Object. The clinical outcome and treatment of adult patients with disseminated intracranial glioblastoma multiforme (GBM) is unclear. The objective in the present study was to assess the prognostic significance of disseminated intracranial GBM in adults at presentation and at the time of tumor progression.

Methods. Clinical data from 1491 patients older than 17 years and harboring a GBM that had been diagnosed between 1988 and 1998 at the University of California at San Francisco neurooncology clinic were retrospectively reviewed. Dissemination of the GBM (126 patients) was determined based on Gd-enhanced magnetic resonance images. Classification of dissemination was as follows: Type I, single lesion with subependymal or subarachnoid spread; Type II, multifocal lesions without subependymal or subarachnoid spread; and Type III, multifocal lesions with subependymal or subarachnoid spread. Subgroups of patients were compared using Kaplan—Meier curves that depicted survival probability.

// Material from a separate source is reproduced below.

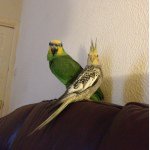 Mark Lansdown - @casper_parrot_and_friends - Instagram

The median postprogression survival (PPS), defined according to neuroimaging demonstrated dissemination, was 37 weeks for Type I (23 patients), 25 weeks for Type II (50 patients), and 10 weeks for Type III spread (19 patients). Patients with dissemination at first tumor progression (52 patients) overall had a shorter PPS than those in a control group with local progression, after adjusting for age, Karnofsky Performance Scale score, and time from tumor diagnosis to its progression (311 patients). When analyzed according to tumor dissemination type, PPS was significantly shorter in patients with Type II (33 patients, p < 0.01) and Type III spread (11 patients, p < 0.01) but not in those with Type I spread (eight patients, p = 0.18).

Conclusions. Apparently, the presence of intracranial tumor dissemination on initial diagnosis does not in itself preclude aggressive treatment if a patient is otherwise well. A single focus of GBM that later demonstrates Type I dissemination on progression does not have a worse prognosis than a lesion that exhibits only local recurrence.